Brief descriptive captions:
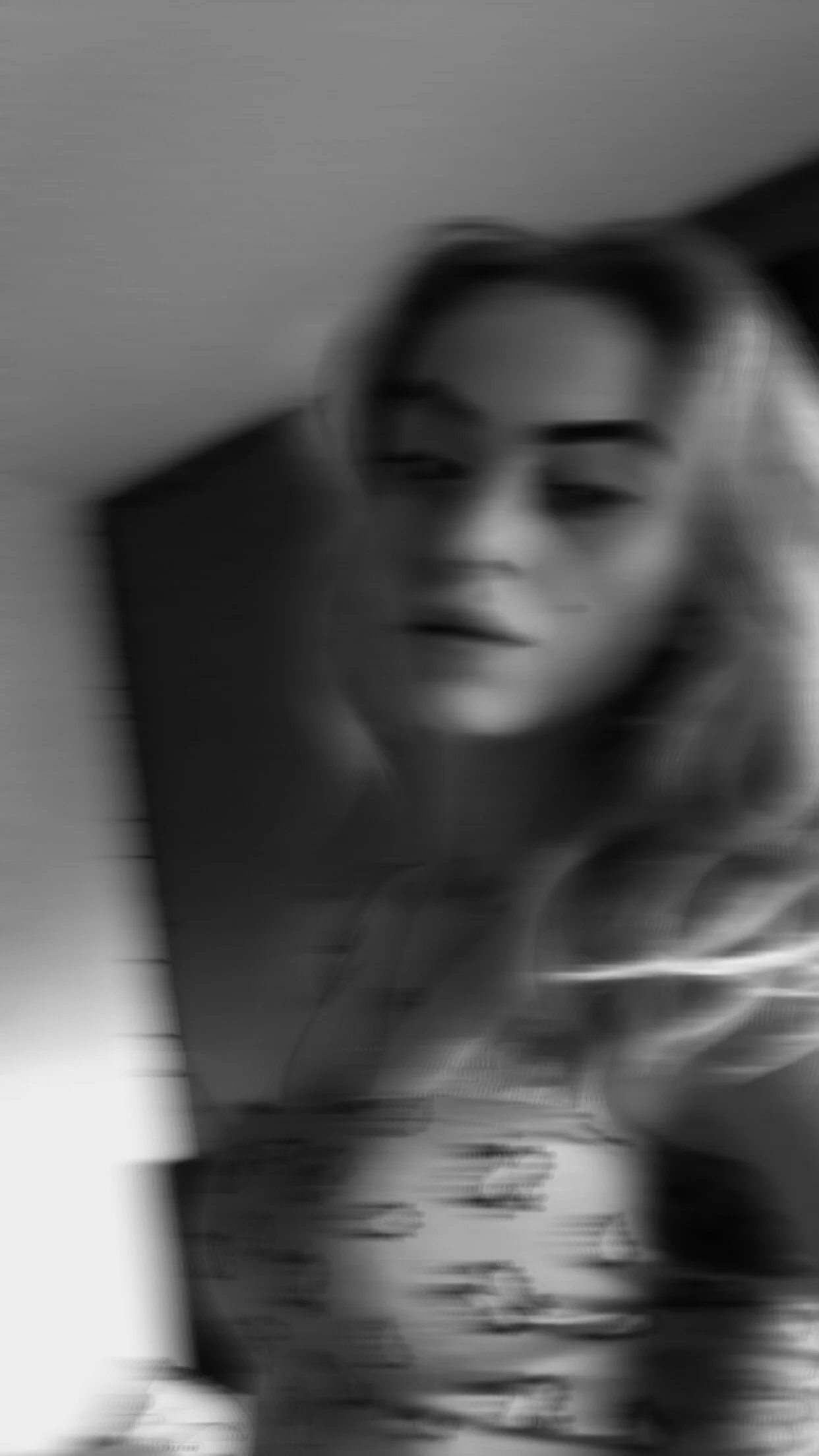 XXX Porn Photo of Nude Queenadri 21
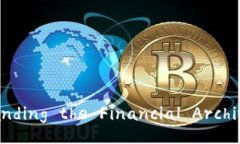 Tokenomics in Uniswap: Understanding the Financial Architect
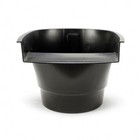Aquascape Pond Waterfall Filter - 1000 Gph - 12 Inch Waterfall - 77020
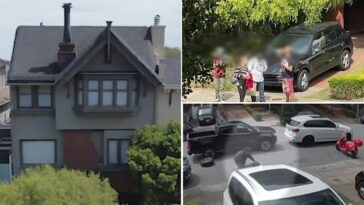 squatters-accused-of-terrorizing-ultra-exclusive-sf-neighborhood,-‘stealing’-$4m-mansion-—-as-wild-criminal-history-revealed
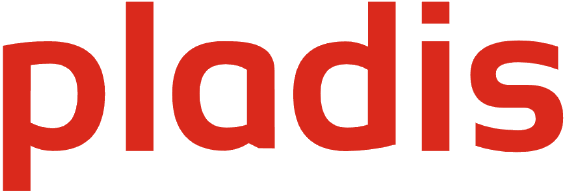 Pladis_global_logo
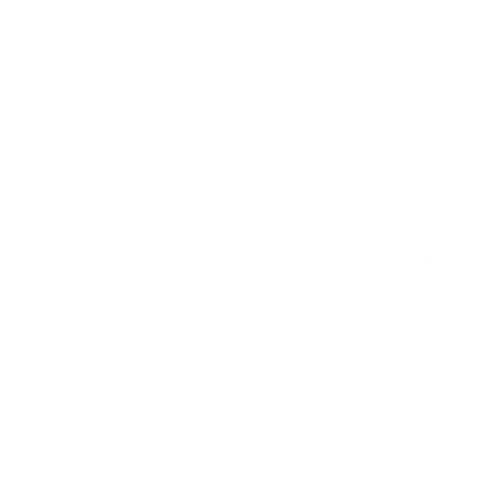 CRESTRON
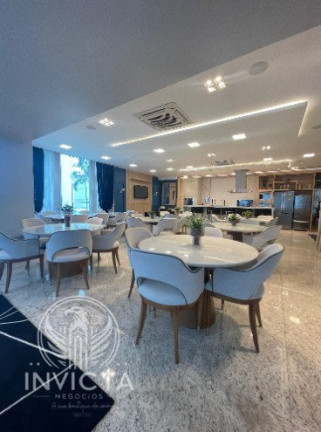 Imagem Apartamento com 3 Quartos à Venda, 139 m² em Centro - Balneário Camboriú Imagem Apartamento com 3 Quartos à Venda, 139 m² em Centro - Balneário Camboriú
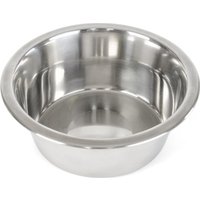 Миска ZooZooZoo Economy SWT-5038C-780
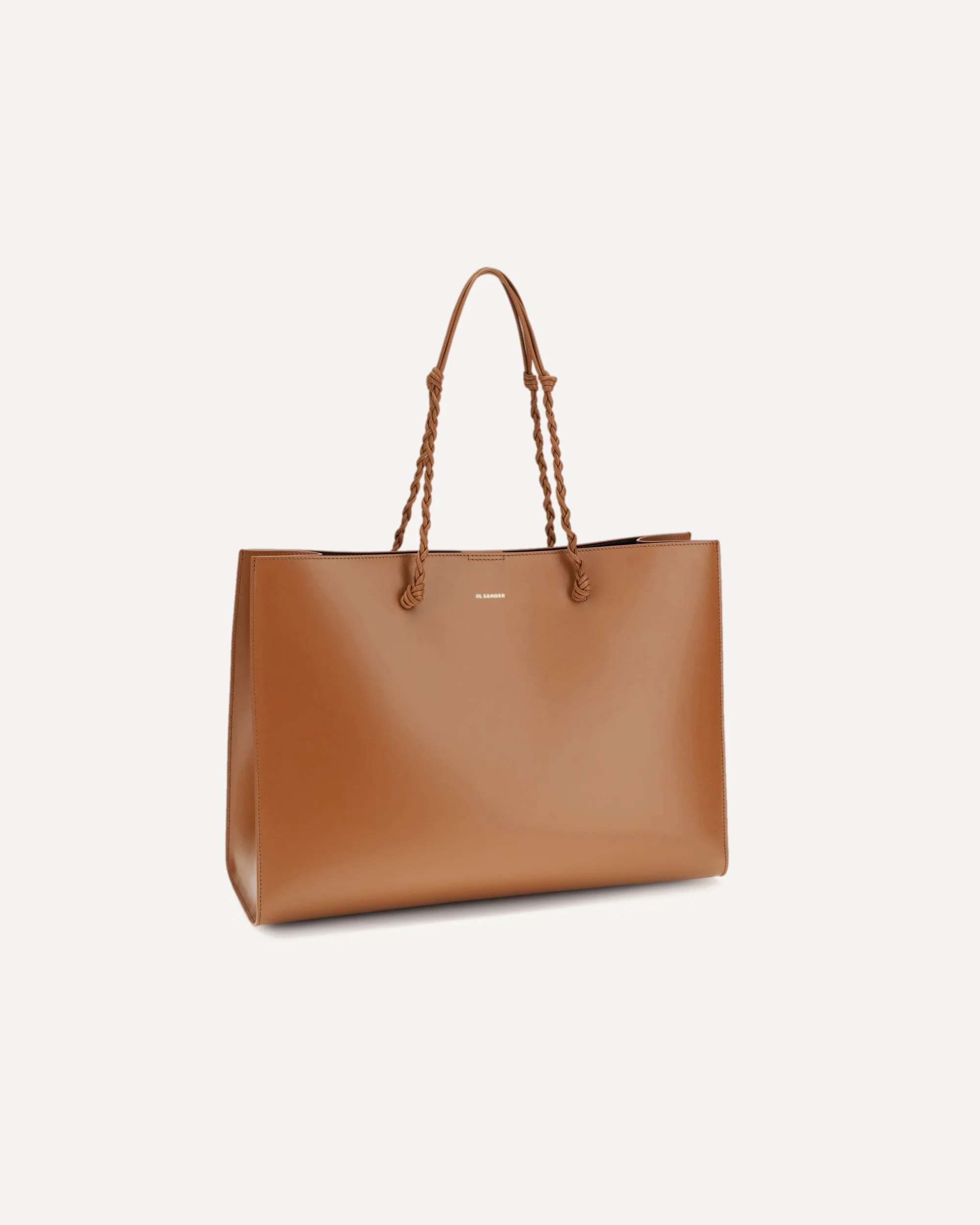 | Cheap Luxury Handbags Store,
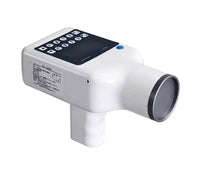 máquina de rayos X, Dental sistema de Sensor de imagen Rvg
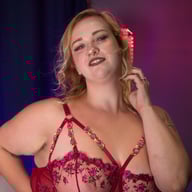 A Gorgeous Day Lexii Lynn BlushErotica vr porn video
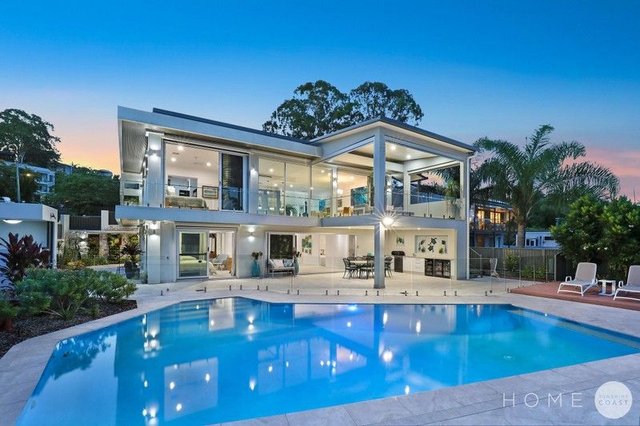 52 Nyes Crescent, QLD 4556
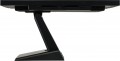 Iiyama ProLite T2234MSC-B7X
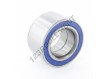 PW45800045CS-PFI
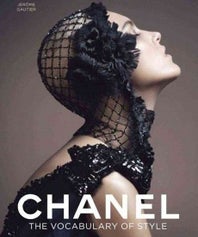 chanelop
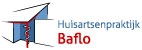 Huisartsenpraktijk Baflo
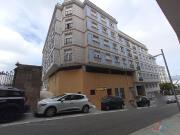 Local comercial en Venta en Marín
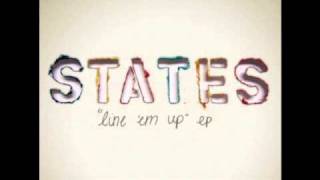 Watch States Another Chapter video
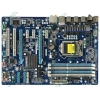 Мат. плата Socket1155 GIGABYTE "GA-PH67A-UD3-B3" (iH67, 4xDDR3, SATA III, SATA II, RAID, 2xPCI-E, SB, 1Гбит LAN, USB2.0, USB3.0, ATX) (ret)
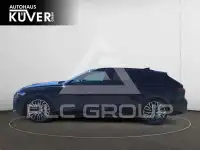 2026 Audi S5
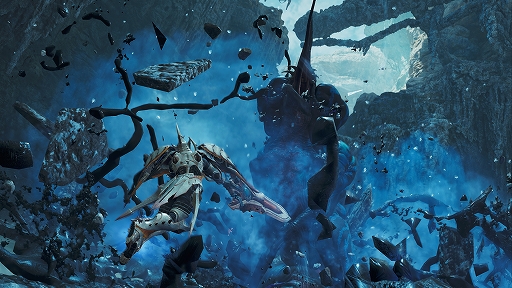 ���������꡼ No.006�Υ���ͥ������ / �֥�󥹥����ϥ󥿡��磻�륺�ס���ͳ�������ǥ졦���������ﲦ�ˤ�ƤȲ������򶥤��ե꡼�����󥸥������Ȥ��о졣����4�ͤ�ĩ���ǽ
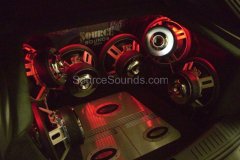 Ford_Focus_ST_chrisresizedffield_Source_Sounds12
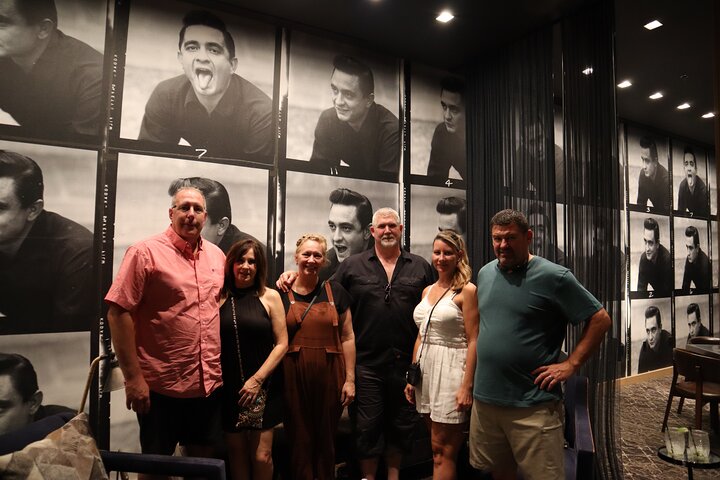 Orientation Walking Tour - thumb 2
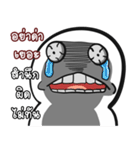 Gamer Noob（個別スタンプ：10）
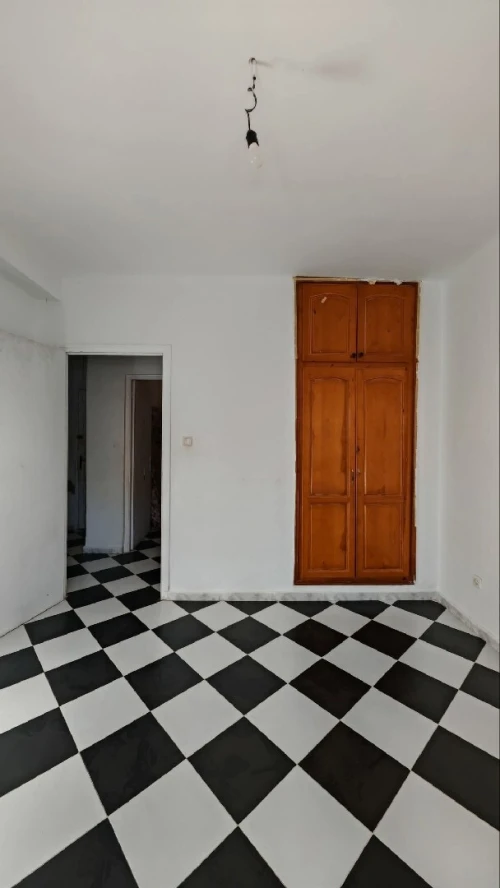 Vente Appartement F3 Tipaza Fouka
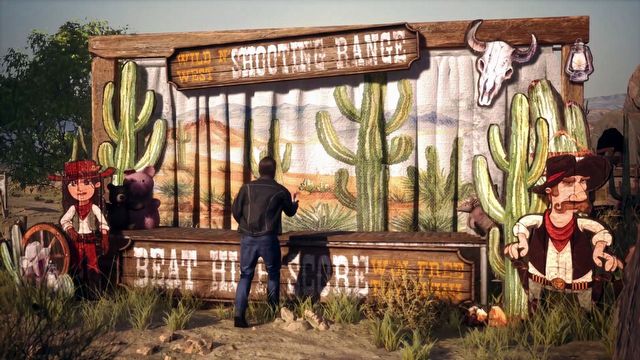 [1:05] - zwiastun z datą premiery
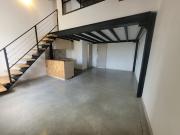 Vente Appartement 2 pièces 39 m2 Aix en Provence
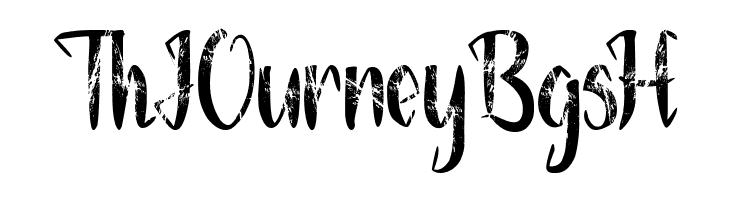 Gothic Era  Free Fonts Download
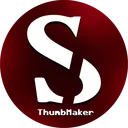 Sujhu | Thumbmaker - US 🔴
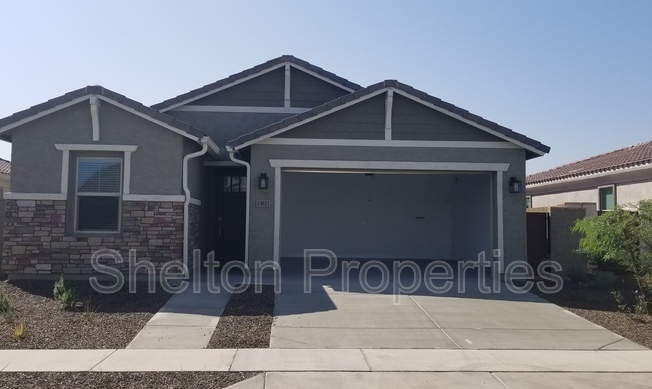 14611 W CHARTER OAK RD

Required work: Although pictures appear among the records above, write out exactly only the lines from the one that has "2026 Audi S5" through the one that has "Free Fonts Download", and leave the pictures out.

Written solution:
 2026 Audi S5
 ���������꡼ No.006�Υ���ͥ������ / �֥�󥹥����ϥ󥿡��磻�륺�ס���ͳ�������ǥ졦���������ﲦ�ˤ�ƤȲ������򶥤��ե꡼�����󥸥������Ȥ��о졣����4�ͤ�ĩ���ǽ
 Ford_Focus_ST_chrisresizedffield_Source_Sounds12
 Orientation Walking Tour - thumb 2
 Gamer Noob（個別スタンプ：10）
 Vente Appartement F3 Tipaza Fouka
 [1:05] - zwiastun z datą premiery
 Vente Appartement 2 pièces 39 m2 Aix en Provence
 Gothic Era  Free Fonts Download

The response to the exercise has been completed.